Strengths and Limitations
This study contributes valuable insights into the challenges faced by physically disabled individuals in accessing improved WASH services in Bangladesh. Guided by the social model of disability, this study was conducted in a vulnerable coastal region, offering policymakers an opportunity to develop tailored policies that can ensure improved access to WASH services and reduce geographical disparities and inequalities in line with the SDGs of achieving universal access to sanitation by 2030. However, deductive research methodology in qualitative investigations can limit adaptability in exploring new issues and increase the risk of confirmation bias as researchers may focus on data that supports existing theories while ignoring unexpected findings. Nonetheless, to reduce confirmation bias and enhance trustworthiness, it is beneficial to incorporate multiple data sources or methodologies as well as promote reflexivity where researchers actively assess their influence on the study can further reduce bias.
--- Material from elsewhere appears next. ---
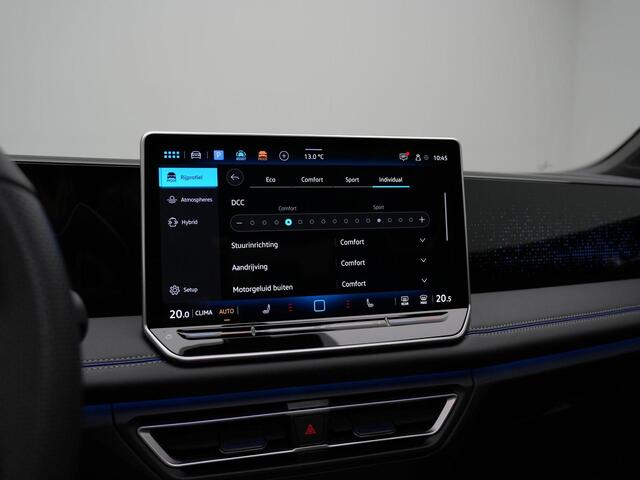 Volkswagen TIGUAN 1.5 eHybrid 204 pk DSG R-Line Edition | Panoramadak | Adaptief onderstel | Achteruitrijcamera | Stuur-/stoelverwarming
Besides, it is worth noting that the study only focused on persons with physical disabilities, which may limit the generalizability of the findings to all PWDs. Further research is recommended to address this gap through incorporating both qualitative and quantitative approaches, including persons with other types of disabilities, to provide a comprehensive assessment of the inclusiveness of WASH facilities for PWDs at the national level.
Conclusion
In the southwestern coastal region of Bangladesh, physically disabled individuals face significant challenges when it comes to accessing WASH services. These challenges include a lack of disabled-friendly and improved WASH services, as well as stigma and discrimination both at the family and community levels. To address these issues, it is crucial to construct WASH services that are designed with assistive technologies and maintained in a hygienic manner. In addition, training programs should be implemented to raise awareness about the rights of PWDs and to reduce social stigma and prejudice. Ultimately, promoting inclusive and disabled-friendly WASH services at the local levels, especially in the geographically disadvantaged areas will be critical to ensuring that PWDs have the access they need to these essential services.
Footnotes
Ethical Considerations
Ethical standards were maintained to conduct the study. The Ethical Clearance Committee of Khulna University, Bangladesh approved the study (Reference No. KUECC-2023/05/26). Besides, an informed oral consent was sought from the participants before data collection. It had been assured that the confidentiality of the information would be maintained and used only for research purposes. In addition, their participation was voluntary, and they could withdraw at any time from the study without any justification.
Author Contributions
Funding
The authors received no financial support for the research, authorship, and/or publication of this article.
Declaration of Conflicting Interests
The authors declared no potential conflicts of interest with respect to the research, authorship, and/or publication of this article.
Data Availability Statement
All data are within the manuscript. No archived data/repository were used for this study.